A landmark court ruling which has thrown open the gate for thousands of Fraser Coast ratepayers to have their rates refunded will have no effect locally.
On November 8, Brisbane Supreme Court Justice David Jackson found Fraser Coast Regional Council had issued three years’ worth of invalid rate notices because, since 2014-15, it had failed to pass a separate resolution to levy its rates and charges during its annual Budget meetings.
The ruling was made after a rural services company was taken to court by the Fraser Coast Regional Council for unpaid rates.
Linville Holdings successfully argued its rate bills were invalid because the council had failed to pass the separate resolution for the past three years.
The Council now has 28 days to lodge an appeal, or face having to refund millions of dollars in rates it has already spent.
However, the Local Government Association of Queensland (LGAQ) has downplayed the idea the court ruling will have any effect.
“The Supreme Court handed down a ruling against the validity of the Fraser Coast Regional Council’s past three years’ rating which parts of the media did their level best to turn into a statewide crisis – it isn’t,” LGAQ CEO Greg Hallam said in his weekly column.
“After a quarter of a century seeing all sorts of weird and unexpected turns of events I’ve learned to take a deep breath, consult the experts and stick to a fundamental truth: the bigger the problem, the more certain a solution will be found.”

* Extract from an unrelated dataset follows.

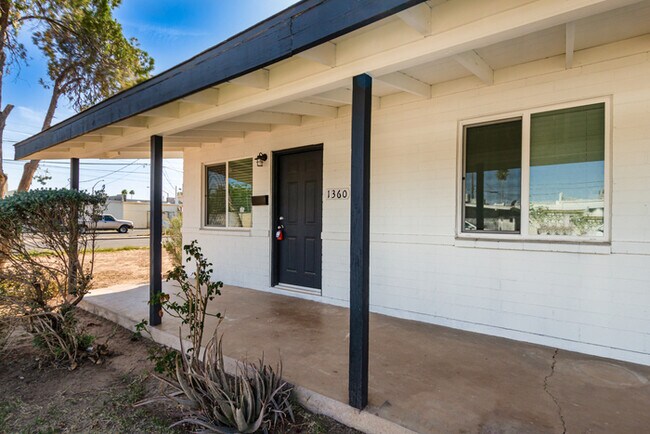 Foto del edificio - 1360 W Garden Cir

Mr Hallam said the LGAQ had already spoken to Queensland’s 25 largest councils, law firm King and Company, the Department of Local Government and both major political parties, as well as sent a circular to all the state’s other councils to alert them to the issue.
“The 28-day appeal period following the Court’s decision has to roll over before any other action can occur,” Mr Hallam said.
“Meanwhile the LGAQ, King & Company and the Department are working together to find a meaningful solution to put to whomever forms government after the November 25 election.”
One possible solution an incoming State Government could apply is to amend the law retrospectively to nullify the Supreme Court ruling.
On Tuesday, South Burnett Mayor Keith Campbell said he was aware of the situation, but not concerned about it.
“I have been advised by our CEO and our Rates Department staff that we do pass a separate resolution to levy our rates and charges each year,” he said.
“So this ruling would have no effect on the South Burnett Regional Council.
“We have very good staff who comply with the Local Government Act.”